Task details ->
All of the entries should be restated word for word, but without their pictures.
========
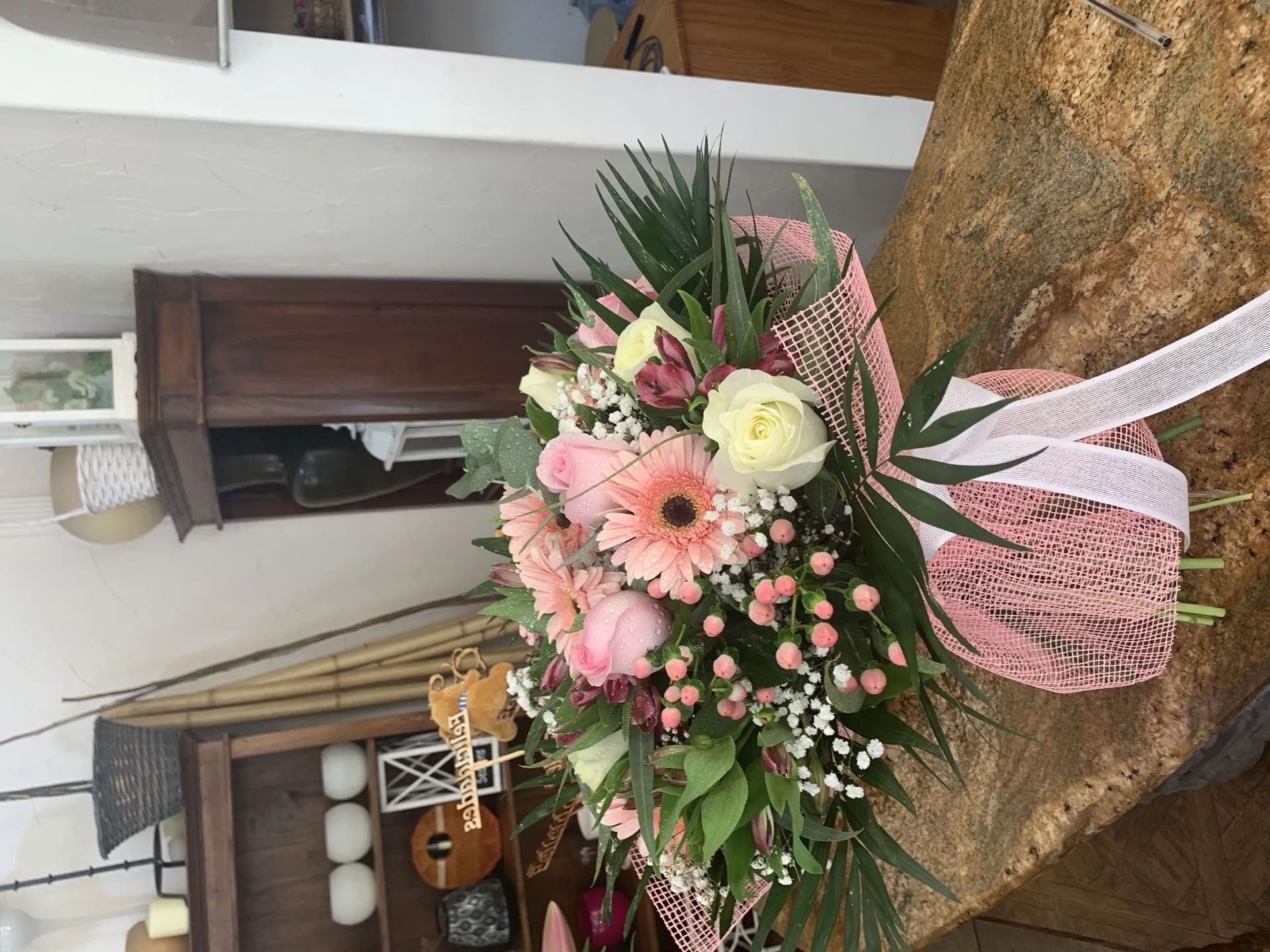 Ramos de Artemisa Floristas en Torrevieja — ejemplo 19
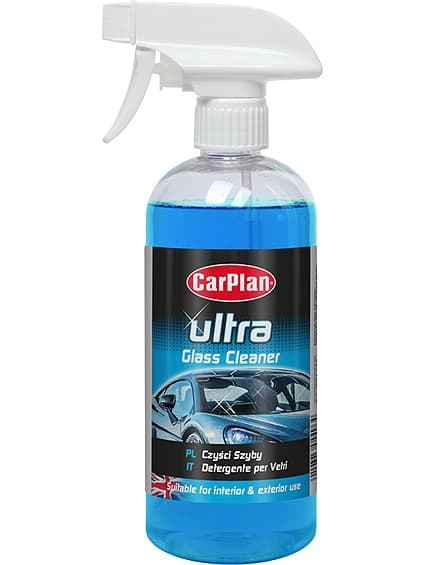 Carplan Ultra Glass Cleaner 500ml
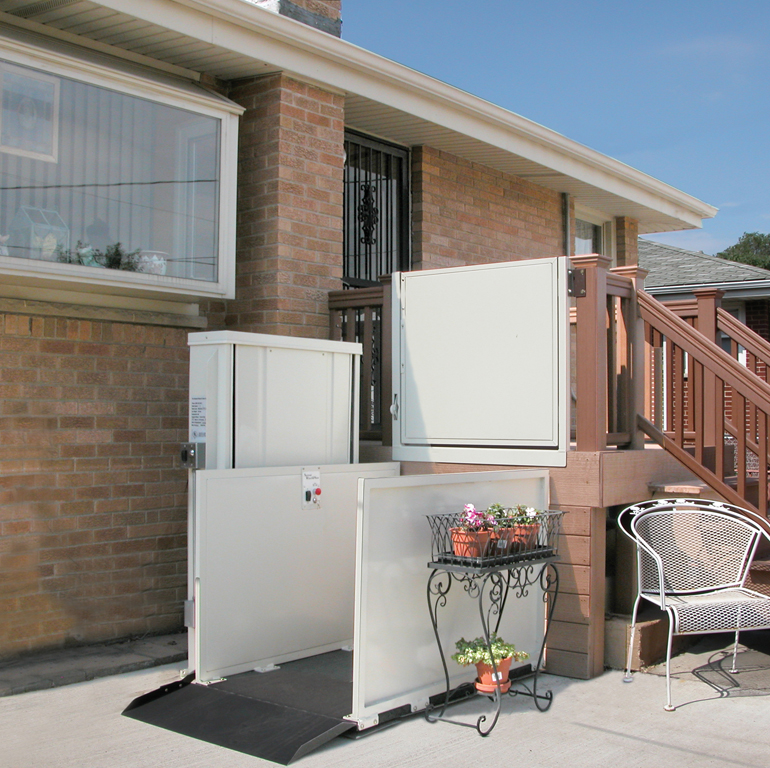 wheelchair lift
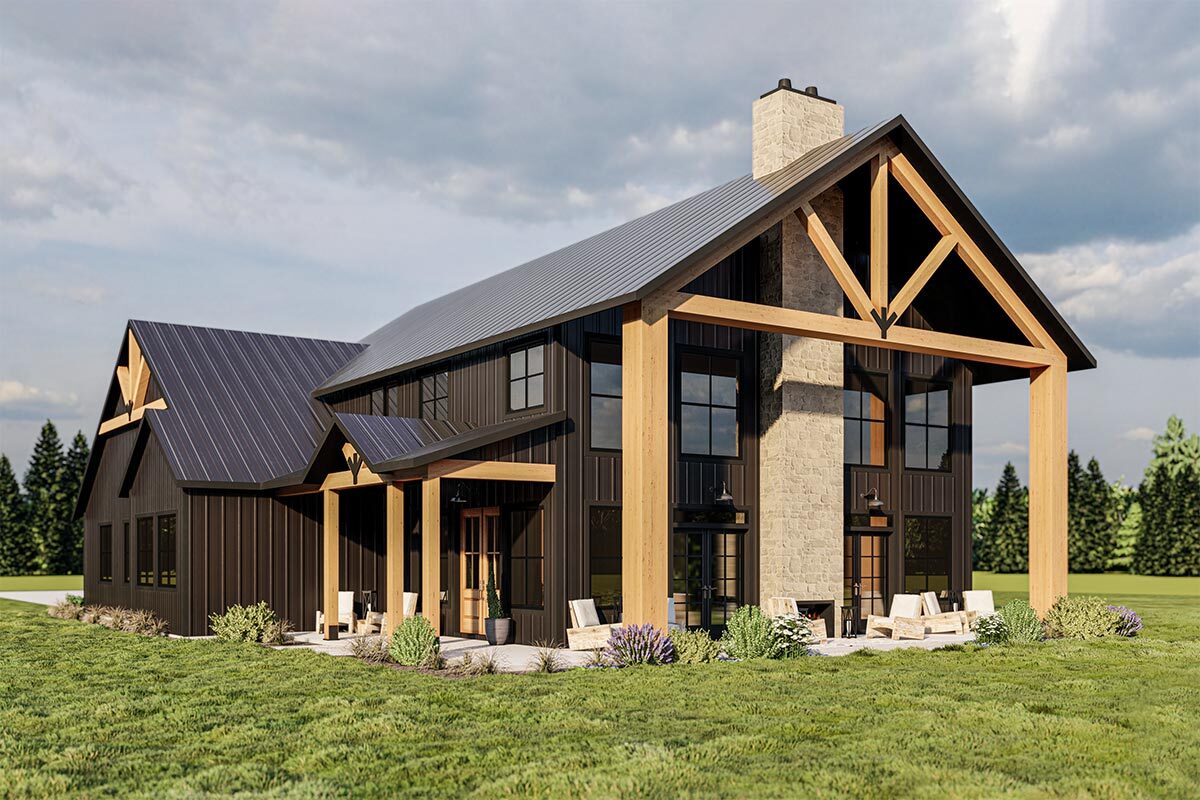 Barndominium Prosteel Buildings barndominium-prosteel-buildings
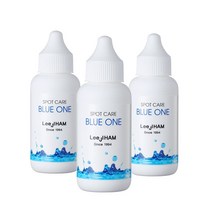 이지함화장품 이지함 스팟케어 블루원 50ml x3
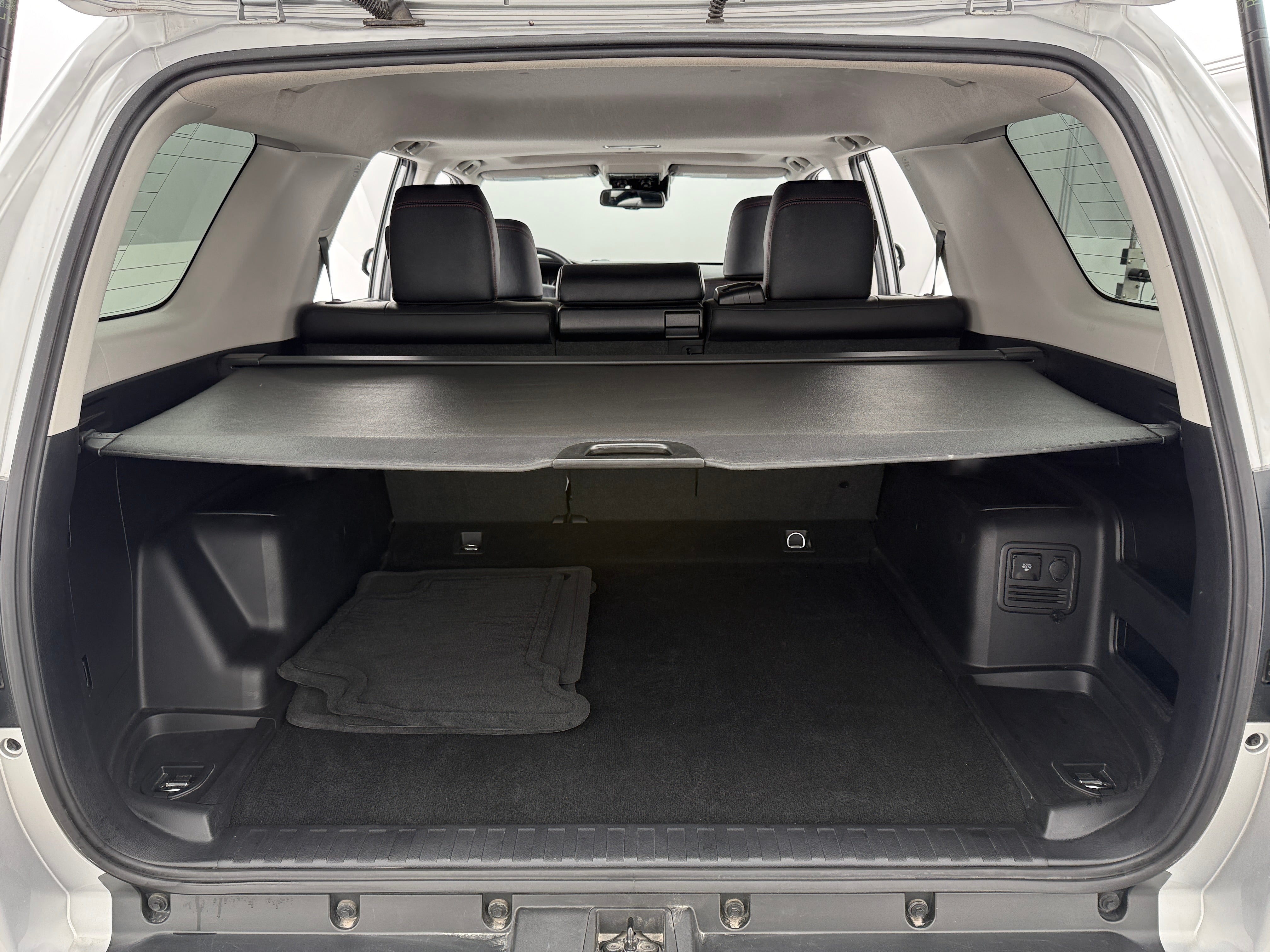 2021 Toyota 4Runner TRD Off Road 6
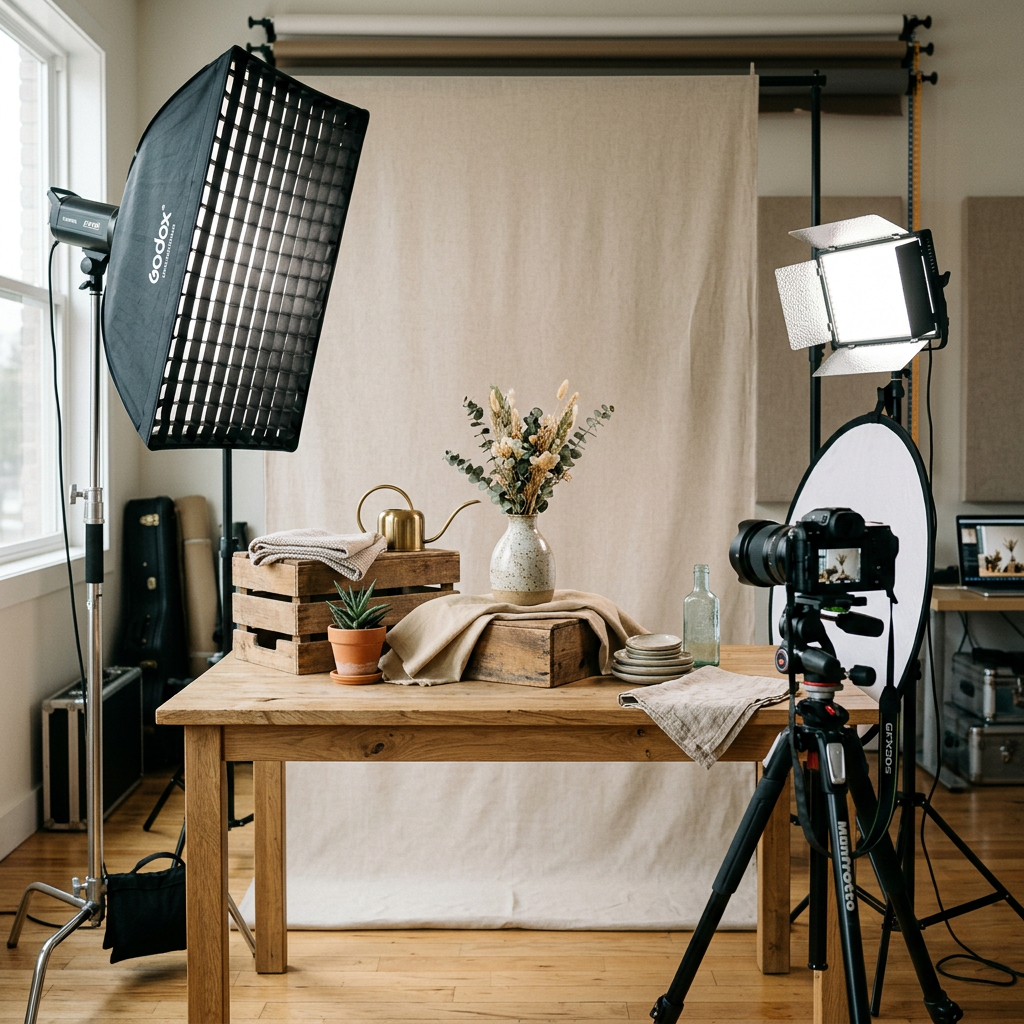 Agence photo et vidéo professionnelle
========
Answer to this task ->
 Ramos de Artemisa Floristas en Torrevieja — ejemplo 19
 Carplan Ultra Glass Cleaner 500ml
 wheelchair lift
 Barndominium Prosteel Buildings barndominium-prosteel-buildings
 이지함화장품 이지함 스팟케어 블루원 50ml x3
 2021 Toyota 4Runner TRD Off Road 6
 Agence photo et vidéo professionnelle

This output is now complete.